I don't know if ultimately there is a big enough market but I can at least see theoretical potential there, and just in general it often works better to try to carve out a specialized niche with higher margins then take the 400kg gorillas head-on at their greatest strengths. And if the medium/medium-heavy launchers work then this doesn't have a total joke payload either, 3.4 to 6 tons to LEO isn't just cubesats.

It'll be interesting to see how it goes at any rate whether it pans out or not. It's ambitious and it could offer a niche but new additional mission capability.



I wonder if there might be unique military applications. I’m thinking recon satellites launched on short notice to be able to observe a target that’s trying to hide. Launch site flexibility also means you can launch from a location that would let you recover the payload after only one orbit, like the Shuttle could do.


Yeah, that's exactly the sort of thing that comes to mind and what might make the scheme work: not merely trying to serve an existing market but create an entirely new capability that can then command sufficient margins. Could the military have reusable birds on standby and then just be able to launch them for some specific conflict aiming for a quick lifetime at much lower altitude and with a path and period that wouldn't be known to adversaries? I haven't crunched the math, but in principle it seems like they could launch something stratospheric even, not high enough for a long term stable orbit but in turn could have higher mass and useful new intel gathering potential.

Of course economics still matters here even for the military, it still will be weighed against conventional satellites and spy planes and so on.

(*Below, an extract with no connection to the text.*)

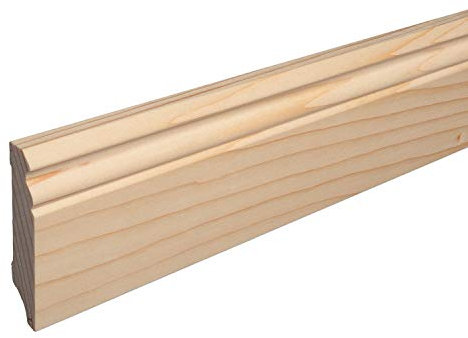 Massivholz-Sockelleiste Fichte GEÖLT Hamburger Berliner Profil Fußleiste 80mm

But a sales pitch of:

>"We can pick up your bird from anywhere with enough runway, fly it to somewhere it can be launched at any time with minimal to zero worries about weather, other air traffic, or bothering (or even being visible to) populated areas, and hit any azimuth (no population overflight concerns either)"

seems like it might be worth something at least. It's certainly somewhat different beyond cost at least, even if it doesn't matter to most. The AF has their own robotic spaceplane project after all, seems like there is at least some interest in this kind of area?


From a quick google, a 200km orbit lasts roughly a day and it drops to zero very quickly after that, so I don’t think you could save too much by launching lower, but it might be worthwhile.


Dale Brown [1] wrote about this in his series of military techno-thriller novels, I think somewhere around Wings of Fire, written in 2002. Basically the idea is to have easy to launch constellations of micro-sats that could be launched to LEO to cover a specific area for a few days or weeks.

If this does come to fruit in real life, it wouldn't be the first time that ideas from his books have become reality 10-20 years later.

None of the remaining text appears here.